Either way, it looks like a significant special distribution is on the cards here. enX needs to keep R100 million in escrow for a period of three years and also wants to retain some capital for “general corporate purposes” – no estimate for that amount is given. The rest will be a return of capital to enX shareholders.

There are loads of regulatory (and shareholder) approvals still to come here. There’s also a material adverse change clause. It’s no guarantee that the deal will close, but it’s usually the case that these requirements are met unless a really nasty surprise comes up. Holders of 49.93% of enX shares in issue have already pledged their support for the deal, so there’s quite some way to go to meet the necessary approval threshold.

For context, the enX market cap is around R1.55 billion.


Jubilee takes a big step forward with its copper story (JSE: JBL)

This deal also marks the start of a new strategic relationship with a major global partner

Jubilee Metals regularly makes a song and dance about its technical capabilities. Talk is cheap, but luckily there’s a lot more than talk here. The latest news is that International Resources Holding RSC Limited (based in Abu Dhabi and part of the most valuable listed holding company in the UAE) is acquiring one of the largest copper waste rock assets on the surface in Zambia. Jubilee Metals is being appointed to design, implement and operate the copper processing solution.

The project cost is likely to be around $50 million and Jubilee has the capability to construct and commission all modular copper units within a 12-month period, with a planned commencement in the first quarter of 2024.

This partnership is important to Jubilee and its shareholders because the company can focus on providing technical solutions to partners who have large balance sheets. This is essentially a capex-light approach to growing the copper business.


Marshall Monteagle turns profitable despite lower revenue (JSE: MMP)
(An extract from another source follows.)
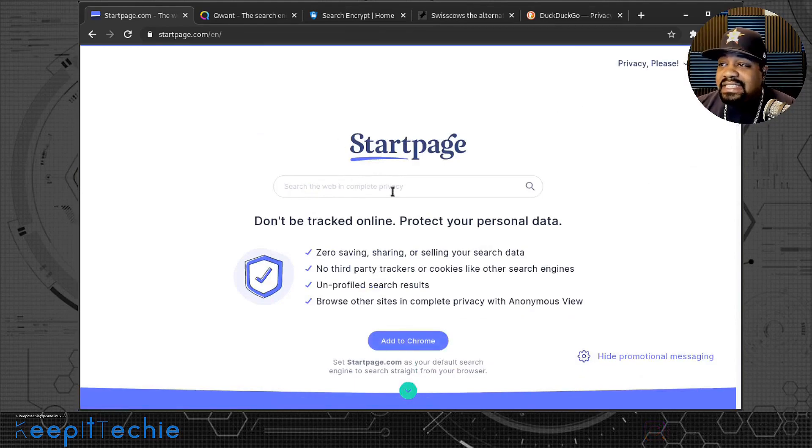StartPage does pretty much the same thing as Google but is privacy oriented. You can also add this search engine to Chrome so that when you type in the address bar, it becomes your default search engine. I mainly use Chrome just for doing these videos — I actually use a different browser which I'll talk about a bit later. But StartPage is a good search engine that I think you guys should try out.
This small cap is not widely followed by the market

Marshall Monteagle is a collection of businesses that includes a mix of FMCG and property investments. This immediately makes it tricky for investors to understand, which is why many of them don’t bother. Liquidity is hard to come by for small caps on the JSE. It’s even trickier for companies that aren’t easy to unpack.

In the six months to September 2023, the company reported a drop in revenue from continuing operations of 19%. Operating profit before tax fell by 66%. Although cost-cutting initiatives in the FMCG business helped, the reality is that the South African retail landscape is anything but favourable right now.

Despite this, profit after tax from continuing operations swung from a loss of $2.7 million to profit of $674k. This all happened on the other expenses line, with a significant negative fair value move last year that didn’t repeat in this period.

Cash and cash equivalents are down by 3%, which isn’t much when you consider the drop in operating profit. The interim dividend is consistent at 1.9 US cents per share.


Lots of pretty writing at Trustco and a big drop in NAV (JSE: TTO)

Credit to whoever wrote this SENS announcement: it gets full marks for use of language

Trustco released a trading statement that would make a decent entry for an English writing competition. It talks about things like a “constellation of challenges” and the “burgeoning cost-of-living conundrum” – all very fancy stuff.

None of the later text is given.